The State of Connecticut in 2012 overhauled its policies guiding when inmates can possess sexually-explicit materials. The corrections people issued guidelines which First Amendment advocates then challenged in court. The Court of Appeals holds these guidelines do not violate the First Amendment.
The case is Reynolds v. Quiros, issued on February 3. Prior to these guidelines, inmates had all sorts of pornography in their cells, which caused discipline and other problems in the jails, what the Second Circuit calls a "very sexually charged environment." Under the new rules, enacted after considerable deliberation and study, there is a total ban on pictorial depictions of sexual activity and nudity. But you can possess sexual images if the material, taken as a whole, has literary, artistic, educational, or scientific value. Written material can be banned if it poses a threat to security, good order, or discipline, or it facilitates criminal activity.
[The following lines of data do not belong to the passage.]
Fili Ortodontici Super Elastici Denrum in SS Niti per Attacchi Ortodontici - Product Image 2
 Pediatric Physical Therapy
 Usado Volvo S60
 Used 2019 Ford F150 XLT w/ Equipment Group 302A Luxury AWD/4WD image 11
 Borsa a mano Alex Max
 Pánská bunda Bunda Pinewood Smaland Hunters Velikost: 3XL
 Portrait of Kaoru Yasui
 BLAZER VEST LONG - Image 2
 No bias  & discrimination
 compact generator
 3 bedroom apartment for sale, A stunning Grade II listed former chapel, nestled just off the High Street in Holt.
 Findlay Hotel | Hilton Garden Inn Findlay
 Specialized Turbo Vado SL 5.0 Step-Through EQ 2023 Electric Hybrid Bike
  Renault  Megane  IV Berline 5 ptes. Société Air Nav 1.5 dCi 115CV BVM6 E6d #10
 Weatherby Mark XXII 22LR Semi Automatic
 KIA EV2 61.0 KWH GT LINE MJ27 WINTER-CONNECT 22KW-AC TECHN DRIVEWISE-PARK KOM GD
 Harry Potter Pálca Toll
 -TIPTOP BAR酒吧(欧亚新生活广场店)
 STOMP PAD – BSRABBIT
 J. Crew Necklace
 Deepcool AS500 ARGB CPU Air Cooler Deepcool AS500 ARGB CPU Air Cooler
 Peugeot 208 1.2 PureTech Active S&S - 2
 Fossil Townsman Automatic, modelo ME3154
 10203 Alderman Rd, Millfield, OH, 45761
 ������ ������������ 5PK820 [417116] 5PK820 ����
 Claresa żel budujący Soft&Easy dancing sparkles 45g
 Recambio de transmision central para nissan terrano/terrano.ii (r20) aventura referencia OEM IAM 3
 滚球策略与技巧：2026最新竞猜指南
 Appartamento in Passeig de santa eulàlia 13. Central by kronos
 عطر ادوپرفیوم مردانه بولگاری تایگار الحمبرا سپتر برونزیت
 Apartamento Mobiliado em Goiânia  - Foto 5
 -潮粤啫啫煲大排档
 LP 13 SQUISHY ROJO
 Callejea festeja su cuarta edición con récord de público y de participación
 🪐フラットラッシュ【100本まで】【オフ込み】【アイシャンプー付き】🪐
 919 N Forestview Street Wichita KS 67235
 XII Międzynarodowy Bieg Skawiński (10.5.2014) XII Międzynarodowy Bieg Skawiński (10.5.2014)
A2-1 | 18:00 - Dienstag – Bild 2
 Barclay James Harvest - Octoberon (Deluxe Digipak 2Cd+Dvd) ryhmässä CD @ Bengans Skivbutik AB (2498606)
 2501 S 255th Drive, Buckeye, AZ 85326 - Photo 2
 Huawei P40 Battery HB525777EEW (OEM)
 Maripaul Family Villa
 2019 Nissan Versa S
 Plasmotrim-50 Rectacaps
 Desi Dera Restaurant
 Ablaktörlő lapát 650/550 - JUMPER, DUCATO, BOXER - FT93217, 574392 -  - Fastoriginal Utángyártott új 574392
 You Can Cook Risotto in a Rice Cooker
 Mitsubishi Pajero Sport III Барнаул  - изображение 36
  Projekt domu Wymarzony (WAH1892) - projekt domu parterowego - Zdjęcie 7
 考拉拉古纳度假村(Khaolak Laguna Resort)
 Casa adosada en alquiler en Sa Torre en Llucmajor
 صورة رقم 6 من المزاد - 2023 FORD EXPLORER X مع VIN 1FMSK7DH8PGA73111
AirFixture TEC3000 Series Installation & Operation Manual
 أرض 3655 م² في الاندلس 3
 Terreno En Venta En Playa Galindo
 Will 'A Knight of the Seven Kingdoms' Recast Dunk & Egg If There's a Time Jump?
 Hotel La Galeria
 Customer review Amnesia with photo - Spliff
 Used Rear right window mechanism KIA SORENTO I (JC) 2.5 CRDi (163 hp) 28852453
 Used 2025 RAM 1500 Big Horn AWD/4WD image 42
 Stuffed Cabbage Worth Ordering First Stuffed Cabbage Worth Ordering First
The trial court held a lengthy hearing on how these new rules were implemented. It held the rules do not violate the First Amendment. The Court of Appeals affirms. Yes, inmates have some First Amendment rights, but they are limited to ensure security and order in the jails. Courts will defer to the judgment of prison officials in making these determinations. The ultimate test is "reasonableness," which gives these officials the benefit of the doubt and usually means the plaintiffs lose, as "reasonableness" is the lowest level of constitutional review, as per Supreme Court case law.
The Second Circuit (Bianco, Kearse and Cabranes) agrees with the district court, finding that (1) the corrections system had a legitimate need to restrict sexually-charged materials to avoid a hostile work environment for the staff (the evidence on this point is pretty disgusting); (2) these restrictions prevent fights among inmates and reduce inmate aggression overall; (3) these restrictions help in rehabilitating sex offenders; (4) the new rules are sufficiently neutral to satisfy Supreme Court standards (such as in Turner v. Safley (1987), still the go-to case on inmate speech issues; (5) and the standards are not too vague to be unenforceable.